The list of “payment reforms” is long and includes many items with conservative pedigrees. (There’s even an attempt at reforming malpractice reform, a cause Republicans hold dear.) But as Uwe Reinhardt, the Princeton economist, likes to point out, every dollar of wasteful health care spending is also a dollar of somebody’s income. When that income disappears, people complain. The rich and their defenders have attacked the higher taxes. Insurers are unhappy that Medicare is paying them less, while device makers are desperate to repeal a new set of taxes. Groups loyal to Democrats have their own issues: Unions are furious that insurance reforms threaten the “Taft-Hartley” plans some operate for their members.

The political cost of fiscal responsibility has been high. During the 2010 and 2012 elections, Republicans hammered Obama and the Democrats for cutting Medicare. More recently, they have cited labor’s discontent as proof Obamacare is bad for working people. Many of these same Republicans have voted to privatize Medicare and cut its funding. They hold the unions in contempt. The talking points resonate all the same.

Critics use the phrase “unworkable” to describe Obamacare almost as frequently as they use the phrase “train wreck.” It’s an odd choice of phrase, because unworkable suggests the idea itself is flawed. Meanwhile, the state of Massachusetts has a nearly identical coverage scheme in place and it appears to be working quite well. 

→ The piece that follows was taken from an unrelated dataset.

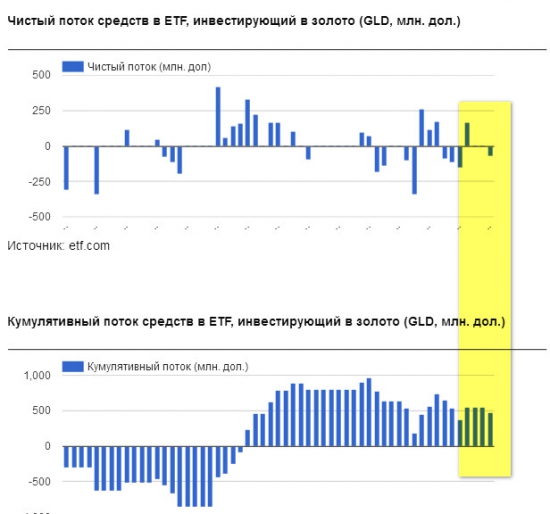 Золото. Gella&Vladimi®. Актуальность апрельских продаж.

Despite some early glitches—some uninsured had to wait months before enrolling, because of administrative backlogs—the program has allowed the vast majority of residents to get health insurance. Today, about 96 percent of the people in Massachusetts have health insurance, the highest, by far, of any state. (Some estimates suggest the proportion is even higher.) Studies have shown that access to health care has improved, and financial hardship has diminished, even at a time when other economic pressures are growing stronger. Both insurance premiums and health care costs are increasing in Massachusetts, as they have been across the country, but not at a faster rate—and, just now, the state has started to introduce the kind of cost control measures that Obamacare already has.

A key ingredient in the Massachusetts success was the strong support it got from the state’s business and political establishments—from the Republican governor who signed it (Mitt Romney) to the beloved baseball team that championed it (the Red Sox). Obamacare obviously won’t have that benefit. Particularly in deeply conservative states where officials are doing everything they can to undermine implementation, people are likely to benefit less—in no small part because, in those states, officials have taken advantage of a Supreme Court ruling making it easy for them to reject the Medicaid expansion. In Florida and Texas alone, more than two million people won’t get health insurance because conservatives won’t allow the states to join the Medicaid expansion. In these states with such large numbers of poor people, low-income populations won't be getting help up the economic ladder even as middle-class people do.

But even without those states participating in Medicaid, the number of people who stand to benefit directly from Obamacare’s coverage expansion is huge. The Congressional Budget Office estimates that the number of uninsured Americans will fall by about 25 to 30 million people over the next few years. Many more lower- and middle-class Americans will get financial help, because they suddenly become eligible for Medicaid or for the subsidies now available to people buying insurance on their own. These subsidies are not small: For the typical family, according to a Kaiser Foundation study, the tax credits will be worth several thousand dollars a year. More than half of the uninsured getting coverage will be able to find policies for less than $100 a month. As Robert Greenstein of the Center on Budget and Policy Priority has said, Obamacare represents the single biggest expansion of the safety net since the 1960s. Health insurance isn't the same as health care and some recent studies call into question the impact coverage has on physical health. But some effect on physical health seems likely and nobody disputes that insurance gives people financial protection. 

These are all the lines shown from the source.